Maria ignoró la pregunta.
—Decía usted que eran siete. ¿Dónde están los demás?
—Muertos. En el grupo había dos traidores. Nos encontramos en un pabellón de caza aislado de Ucrania, sin que nadie lo supiera. Para cuando supimos que habían sido dos de los nuestros y no un ataque externo, ya estábamos expuestos. Sólo tres conseguimos escapar al bosque, y entonces Belotserkovsky recibió un tiro por la espalda.
—Fue culpa mía… —El rostro de Olga Sarapenko reflejaba el dolor—. Yo estaba herida y él me estaba ayudando a salir.
—Se suponía que yo los cubría —dijo Buslenko. Entre ellos cayó un silencio y Maria pudo sentir que ambos estaban en un lugar y un tiempo distintos. Sabía lo que era vivir y revivir una experiencia como aquélla.
—¿Y por qué no volvieron a formar una unidad completa? —les preguntó.

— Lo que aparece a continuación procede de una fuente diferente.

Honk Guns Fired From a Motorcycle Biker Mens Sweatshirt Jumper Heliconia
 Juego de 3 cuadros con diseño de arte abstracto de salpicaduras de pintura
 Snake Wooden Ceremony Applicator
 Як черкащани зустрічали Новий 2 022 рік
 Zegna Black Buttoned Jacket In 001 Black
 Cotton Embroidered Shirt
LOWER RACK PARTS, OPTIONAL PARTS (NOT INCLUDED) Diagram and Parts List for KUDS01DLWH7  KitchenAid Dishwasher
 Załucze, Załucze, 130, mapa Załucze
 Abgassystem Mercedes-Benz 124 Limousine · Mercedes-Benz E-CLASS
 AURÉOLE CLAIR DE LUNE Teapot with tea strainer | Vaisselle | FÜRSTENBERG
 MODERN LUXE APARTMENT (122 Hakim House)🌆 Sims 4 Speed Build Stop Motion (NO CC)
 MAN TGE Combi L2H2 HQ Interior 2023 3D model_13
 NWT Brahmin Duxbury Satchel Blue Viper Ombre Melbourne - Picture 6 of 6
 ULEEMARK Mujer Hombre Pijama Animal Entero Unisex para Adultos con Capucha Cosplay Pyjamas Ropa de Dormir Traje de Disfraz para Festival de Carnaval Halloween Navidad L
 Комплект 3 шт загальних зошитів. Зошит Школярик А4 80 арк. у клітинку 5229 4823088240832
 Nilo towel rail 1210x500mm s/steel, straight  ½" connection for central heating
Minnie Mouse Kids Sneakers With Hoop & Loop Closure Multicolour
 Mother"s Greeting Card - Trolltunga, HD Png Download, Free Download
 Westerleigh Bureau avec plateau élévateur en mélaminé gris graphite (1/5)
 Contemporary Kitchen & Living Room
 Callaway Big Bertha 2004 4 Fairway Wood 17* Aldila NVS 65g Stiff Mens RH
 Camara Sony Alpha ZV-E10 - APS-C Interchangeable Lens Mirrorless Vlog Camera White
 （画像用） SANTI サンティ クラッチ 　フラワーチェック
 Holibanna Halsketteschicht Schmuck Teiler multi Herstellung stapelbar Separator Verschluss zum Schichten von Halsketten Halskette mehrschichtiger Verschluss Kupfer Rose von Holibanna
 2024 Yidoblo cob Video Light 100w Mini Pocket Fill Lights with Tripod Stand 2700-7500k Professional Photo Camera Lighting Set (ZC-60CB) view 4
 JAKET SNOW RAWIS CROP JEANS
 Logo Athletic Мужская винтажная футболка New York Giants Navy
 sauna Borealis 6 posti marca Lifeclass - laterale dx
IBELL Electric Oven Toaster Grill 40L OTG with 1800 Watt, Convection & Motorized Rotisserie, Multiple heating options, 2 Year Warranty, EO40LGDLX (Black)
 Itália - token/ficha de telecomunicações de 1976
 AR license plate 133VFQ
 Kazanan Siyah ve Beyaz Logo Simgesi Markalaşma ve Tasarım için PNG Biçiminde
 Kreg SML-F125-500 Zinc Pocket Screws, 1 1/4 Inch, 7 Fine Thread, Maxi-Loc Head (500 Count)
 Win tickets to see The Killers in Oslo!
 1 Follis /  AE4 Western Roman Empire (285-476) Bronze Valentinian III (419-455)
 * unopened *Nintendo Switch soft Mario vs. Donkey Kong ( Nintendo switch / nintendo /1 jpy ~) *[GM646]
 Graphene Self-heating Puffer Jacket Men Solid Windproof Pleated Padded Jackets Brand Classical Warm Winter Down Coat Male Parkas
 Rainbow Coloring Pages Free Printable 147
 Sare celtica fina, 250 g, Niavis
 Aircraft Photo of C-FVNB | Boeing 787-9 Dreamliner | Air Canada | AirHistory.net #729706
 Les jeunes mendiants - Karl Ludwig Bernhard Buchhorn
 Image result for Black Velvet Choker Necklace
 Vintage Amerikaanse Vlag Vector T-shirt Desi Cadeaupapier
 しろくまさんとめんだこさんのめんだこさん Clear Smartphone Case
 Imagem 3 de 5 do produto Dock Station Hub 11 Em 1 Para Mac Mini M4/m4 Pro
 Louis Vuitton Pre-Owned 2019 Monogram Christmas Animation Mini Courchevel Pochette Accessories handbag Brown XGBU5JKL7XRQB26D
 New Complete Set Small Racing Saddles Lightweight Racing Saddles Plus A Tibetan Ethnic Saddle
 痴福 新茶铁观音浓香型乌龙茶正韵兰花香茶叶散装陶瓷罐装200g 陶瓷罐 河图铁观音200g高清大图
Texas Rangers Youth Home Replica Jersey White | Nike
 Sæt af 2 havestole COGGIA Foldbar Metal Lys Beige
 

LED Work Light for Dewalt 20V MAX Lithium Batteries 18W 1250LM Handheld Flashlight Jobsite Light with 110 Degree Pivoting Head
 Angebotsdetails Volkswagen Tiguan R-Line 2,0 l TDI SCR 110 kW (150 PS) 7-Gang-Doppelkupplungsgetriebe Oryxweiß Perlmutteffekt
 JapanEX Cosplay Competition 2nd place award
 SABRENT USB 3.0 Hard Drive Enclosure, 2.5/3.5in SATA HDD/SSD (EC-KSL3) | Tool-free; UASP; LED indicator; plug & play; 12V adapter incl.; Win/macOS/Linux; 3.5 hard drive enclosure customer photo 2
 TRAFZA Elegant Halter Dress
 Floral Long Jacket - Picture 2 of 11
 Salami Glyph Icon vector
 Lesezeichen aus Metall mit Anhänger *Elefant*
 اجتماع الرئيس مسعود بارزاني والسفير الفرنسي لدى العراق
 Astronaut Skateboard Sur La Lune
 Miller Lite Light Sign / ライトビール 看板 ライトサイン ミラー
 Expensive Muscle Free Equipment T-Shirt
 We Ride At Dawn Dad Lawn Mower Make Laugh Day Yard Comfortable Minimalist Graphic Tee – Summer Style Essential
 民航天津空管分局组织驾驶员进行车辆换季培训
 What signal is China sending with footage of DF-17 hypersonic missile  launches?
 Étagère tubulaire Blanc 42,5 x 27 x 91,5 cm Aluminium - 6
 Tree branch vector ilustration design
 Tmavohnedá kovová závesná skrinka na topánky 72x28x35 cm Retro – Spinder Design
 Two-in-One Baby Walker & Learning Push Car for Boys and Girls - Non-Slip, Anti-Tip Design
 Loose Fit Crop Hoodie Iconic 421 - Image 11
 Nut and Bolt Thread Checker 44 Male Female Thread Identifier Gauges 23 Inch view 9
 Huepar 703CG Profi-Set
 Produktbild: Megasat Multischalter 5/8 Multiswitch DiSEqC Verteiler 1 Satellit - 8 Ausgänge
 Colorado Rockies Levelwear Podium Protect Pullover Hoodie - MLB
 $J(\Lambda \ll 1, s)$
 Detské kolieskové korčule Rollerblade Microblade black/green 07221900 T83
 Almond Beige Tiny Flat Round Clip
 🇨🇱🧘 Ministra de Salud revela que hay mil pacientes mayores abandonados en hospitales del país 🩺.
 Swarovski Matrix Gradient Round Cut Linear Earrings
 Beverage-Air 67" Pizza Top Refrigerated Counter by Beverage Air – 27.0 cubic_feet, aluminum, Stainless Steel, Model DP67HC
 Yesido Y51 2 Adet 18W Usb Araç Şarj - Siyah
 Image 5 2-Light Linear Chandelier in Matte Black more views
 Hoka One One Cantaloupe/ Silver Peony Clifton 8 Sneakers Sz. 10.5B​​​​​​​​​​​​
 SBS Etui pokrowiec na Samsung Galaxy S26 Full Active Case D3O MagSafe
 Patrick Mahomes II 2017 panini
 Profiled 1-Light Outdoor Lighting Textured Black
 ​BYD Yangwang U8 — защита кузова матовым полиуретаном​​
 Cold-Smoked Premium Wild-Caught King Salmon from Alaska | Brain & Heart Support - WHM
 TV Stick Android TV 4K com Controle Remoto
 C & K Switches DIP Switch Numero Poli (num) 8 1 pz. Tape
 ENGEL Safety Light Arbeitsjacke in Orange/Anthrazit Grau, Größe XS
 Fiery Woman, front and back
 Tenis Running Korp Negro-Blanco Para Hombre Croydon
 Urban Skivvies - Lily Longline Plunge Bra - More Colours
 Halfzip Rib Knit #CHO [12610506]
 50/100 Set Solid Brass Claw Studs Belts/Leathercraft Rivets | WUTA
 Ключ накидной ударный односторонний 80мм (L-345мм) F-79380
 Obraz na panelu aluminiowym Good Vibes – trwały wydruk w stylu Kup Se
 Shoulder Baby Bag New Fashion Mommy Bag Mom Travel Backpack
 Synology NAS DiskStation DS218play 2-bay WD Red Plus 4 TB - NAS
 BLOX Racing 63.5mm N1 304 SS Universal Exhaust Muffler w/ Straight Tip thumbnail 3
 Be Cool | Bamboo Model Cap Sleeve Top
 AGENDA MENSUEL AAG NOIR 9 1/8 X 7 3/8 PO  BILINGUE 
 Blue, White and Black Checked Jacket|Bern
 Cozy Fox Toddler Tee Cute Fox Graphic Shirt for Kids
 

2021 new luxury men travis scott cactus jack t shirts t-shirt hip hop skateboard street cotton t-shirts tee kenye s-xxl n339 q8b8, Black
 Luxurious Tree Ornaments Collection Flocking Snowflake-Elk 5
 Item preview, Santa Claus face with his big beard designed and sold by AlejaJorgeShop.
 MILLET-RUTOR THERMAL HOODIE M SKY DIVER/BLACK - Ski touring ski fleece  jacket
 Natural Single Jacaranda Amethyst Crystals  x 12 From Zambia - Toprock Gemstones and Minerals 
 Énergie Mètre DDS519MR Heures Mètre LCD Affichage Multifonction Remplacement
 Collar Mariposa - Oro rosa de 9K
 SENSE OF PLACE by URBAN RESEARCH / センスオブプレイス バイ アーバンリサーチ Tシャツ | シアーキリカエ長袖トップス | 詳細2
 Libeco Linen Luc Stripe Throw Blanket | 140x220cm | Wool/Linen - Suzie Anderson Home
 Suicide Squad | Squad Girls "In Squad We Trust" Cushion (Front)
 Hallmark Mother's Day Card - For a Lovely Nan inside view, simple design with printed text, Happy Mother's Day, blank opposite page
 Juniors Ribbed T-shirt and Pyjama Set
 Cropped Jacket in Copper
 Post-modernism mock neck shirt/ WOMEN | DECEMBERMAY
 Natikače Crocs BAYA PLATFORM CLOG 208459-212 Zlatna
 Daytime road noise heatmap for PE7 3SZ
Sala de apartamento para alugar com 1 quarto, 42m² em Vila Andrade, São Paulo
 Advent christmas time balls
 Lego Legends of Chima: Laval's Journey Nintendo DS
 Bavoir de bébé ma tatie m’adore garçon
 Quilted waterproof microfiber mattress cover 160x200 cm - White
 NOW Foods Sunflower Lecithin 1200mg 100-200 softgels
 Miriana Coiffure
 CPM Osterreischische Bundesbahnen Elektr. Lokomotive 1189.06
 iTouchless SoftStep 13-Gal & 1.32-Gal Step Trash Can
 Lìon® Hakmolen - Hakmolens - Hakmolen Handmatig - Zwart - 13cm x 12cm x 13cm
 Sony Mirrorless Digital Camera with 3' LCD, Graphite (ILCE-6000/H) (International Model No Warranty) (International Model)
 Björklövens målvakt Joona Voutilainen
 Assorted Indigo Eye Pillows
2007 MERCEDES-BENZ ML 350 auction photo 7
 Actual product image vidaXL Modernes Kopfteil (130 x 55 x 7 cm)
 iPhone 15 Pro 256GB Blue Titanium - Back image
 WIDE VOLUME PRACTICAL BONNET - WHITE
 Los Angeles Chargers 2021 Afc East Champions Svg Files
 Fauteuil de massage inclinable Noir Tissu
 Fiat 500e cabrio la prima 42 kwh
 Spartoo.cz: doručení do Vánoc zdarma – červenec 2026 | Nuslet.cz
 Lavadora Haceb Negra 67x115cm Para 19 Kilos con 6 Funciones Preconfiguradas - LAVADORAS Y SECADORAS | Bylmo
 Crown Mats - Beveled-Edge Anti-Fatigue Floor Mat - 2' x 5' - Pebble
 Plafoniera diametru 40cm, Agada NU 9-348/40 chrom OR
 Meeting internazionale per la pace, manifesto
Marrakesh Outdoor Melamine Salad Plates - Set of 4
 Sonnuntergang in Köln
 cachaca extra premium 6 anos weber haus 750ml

—No teníamos ni el tiempo ni el motivo —dijo Buslenko—. El tiempo juega a favor de Vitrenko; tenemos que atraparlo antes de que él nos atrape a nosotros. Queremos que piense que hemos abortado nuestra misión y que la capitana Sarapenko y yo hemos escapado asustados. No podíamos estar seguros de que, en el caso de volver a formar la unidad, no volviésemos a tener infiltrados. Sabemos que podemos confiar el uno en el otro, y hay sólo otra persona de la que podemos fiarnos…
—¿Quién?
—Tú —dijo Buslenko, mientras le devolvía a Maria su pistola.